“Senso unico eccetto bici” e “doppio senso ciclabile” non sono sinonimo di “contromano”. Eppure i termini sono spesso confusi, anche dagli addetti ai lavori, alimentando disinformazione e pregiudizi.
Riproponiamo – con alcuni tagli – l’articolo pubblicato da Manuel Massimo su Bikeitalia.it.
Le proposte di modifica al Codice della Strada, visto che l’argomento è tornato di attualità, hanno trovato un’ampia eco sui principali organi d’informazione: ma molti giornalisti, più o meno consapevolmente, hanno preso una colossale cantonata sull’introduzione del senso unico eccetto bici che si ostinano a chiamare “contromano”.
Peraltro nella proposta in discussione a firma del deputato del Movimento 5 Stelle Emanuele Scagliusi si parla di “doppio senso ciclabile” e sull’enorme differenza tra i due concetti si vedano tanti altri articoli su Bikeitalia.it.
Nell’oceano di disinformazione mista a livore, un articolo spicca su tutti ed è apparso nella sezione Motori del Corriere della Sera: non si tratta del pezzullo di colore un po’ sopra le righe a firma di un collaboratore giovane e inesperto, magari sfuggito al controllo della redazione, ma del punto di vista del caporedattore Maurizio Donelli, giornalista di lungo corso, che si è prodotto in un pezzo di rara insensibilità in cui risulta evidente il suo astio e la sua insofferenza nei confronti di chi pedala.
So che può risultare difficile per chi ha legato la propria professione in maniera così viscerale all’automotive pensare che le persone in bicicletta siano degne di rispetto e di attenzione esattamente come chi guida un mezzo a motore (forse di più, in quanto più vulnerabili, ma non è questo il momento di sottilizzare) ma considerare l’introduzione del “senso unico eccetto bici” e della “casa avanzata con precedenza ai semafori” come un attacco di lesa maestà all’automobilista è una colossale sciocchezza.

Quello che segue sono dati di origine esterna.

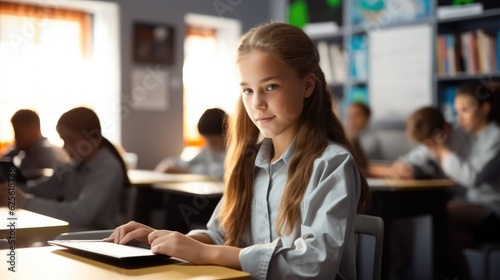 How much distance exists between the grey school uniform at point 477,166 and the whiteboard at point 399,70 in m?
1.17

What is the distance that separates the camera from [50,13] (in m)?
5.36

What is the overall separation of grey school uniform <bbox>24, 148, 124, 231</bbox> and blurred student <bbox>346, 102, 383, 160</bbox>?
2662 millimetres

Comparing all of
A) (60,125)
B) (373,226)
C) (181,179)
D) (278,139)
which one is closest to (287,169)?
(278,139)

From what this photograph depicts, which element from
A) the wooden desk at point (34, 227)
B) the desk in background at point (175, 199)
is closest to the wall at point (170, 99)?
the desk in background at point (175, 199)

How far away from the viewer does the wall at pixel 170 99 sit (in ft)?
18.4

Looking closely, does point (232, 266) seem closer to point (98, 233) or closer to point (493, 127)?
point (98, 233)

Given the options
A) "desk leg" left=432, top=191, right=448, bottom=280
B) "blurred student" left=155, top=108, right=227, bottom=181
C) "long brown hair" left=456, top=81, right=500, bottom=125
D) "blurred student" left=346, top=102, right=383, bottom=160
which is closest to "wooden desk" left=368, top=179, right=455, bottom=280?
"desk leg" left=432, top=191, right=448, bottom=280

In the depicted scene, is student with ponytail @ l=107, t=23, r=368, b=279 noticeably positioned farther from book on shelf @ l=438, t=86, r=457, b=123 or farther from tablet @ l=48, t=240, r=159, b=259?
book on shelf @ l=438, t=86, r=457, b=123

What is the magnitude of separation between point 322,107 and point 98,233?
2.06ft

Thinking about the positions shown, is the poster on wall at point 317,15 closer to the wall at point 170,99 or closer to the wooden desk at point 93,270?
the wall at point 170,99

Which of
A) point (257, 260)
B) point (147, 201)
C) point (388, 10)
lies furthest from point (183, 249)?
point (388, 10)

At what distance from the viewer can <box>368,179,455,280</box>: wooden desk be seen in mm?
3512

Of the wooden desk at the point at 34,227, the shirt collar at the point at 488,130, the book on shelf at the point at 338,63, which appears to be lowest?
the wooden desk at the point at 34,227

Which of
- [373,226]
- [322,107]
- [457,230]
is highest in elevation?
[322,107] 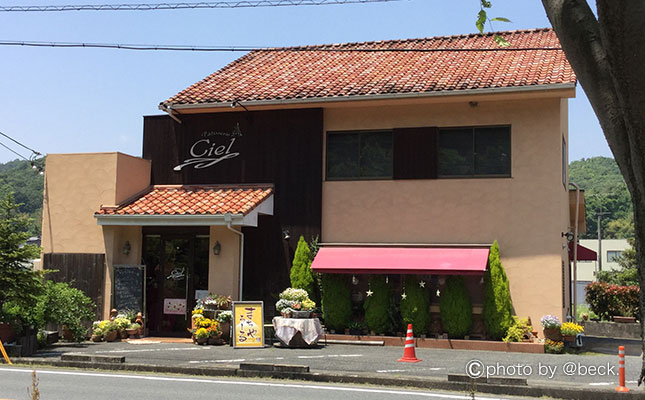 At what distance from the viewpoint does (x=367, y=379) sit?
41.0 ft

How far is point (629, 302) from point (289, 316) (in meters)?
14.1

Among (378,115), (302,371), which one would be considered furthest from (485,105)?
(302,371)

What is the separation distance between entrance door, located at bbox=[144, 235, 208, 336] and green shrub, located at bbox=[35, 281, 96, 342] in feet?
6.28

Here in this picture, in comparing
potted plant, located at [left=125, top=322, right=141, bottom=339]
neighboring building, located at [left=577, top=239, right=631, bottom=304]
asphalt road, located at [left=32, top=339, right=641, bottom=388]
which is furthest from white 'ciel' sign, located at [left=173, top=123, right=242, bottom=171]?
neighboring building, located at [left=577, top=239, right=631, bottom=304]

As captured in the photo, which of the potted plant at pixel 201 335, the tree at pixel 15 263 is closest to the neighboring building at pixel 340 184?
the potted plant at pixel 201 335

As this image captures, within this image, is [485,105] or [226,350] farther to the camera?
[485,105]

Si tratta davvero di misure di buonsenso ciclabile che in Italia, se approvate, arriverebbero comunque con una trentina di anni di ritardo rispetto ai Paesi molto più avanti del nostro in tema di viabilità e condivisione della strada.
Donelli sfodera tutto l’armamentario dell’anticiclismo militante […] senza uno straccio di dato o studio a supporto […]. La sensazione è che non vedesse l’ora di poter vomitare il proprio odio verso chi pedala, “i ciclisti”: quelli che per fare 5 chilometri in città ci mettono sempre 20 minuti e non perdono tempo a trovare parcheggio; quelli che non pagano il bollo e l’assicurazione; quelli che non hanno targa e che possono transitare liberamente in aree pedonali e zone a traffico limitato. Insomma: l’esatto opposto di chi si muove su un mezzo a motore inquinante e ingombrante.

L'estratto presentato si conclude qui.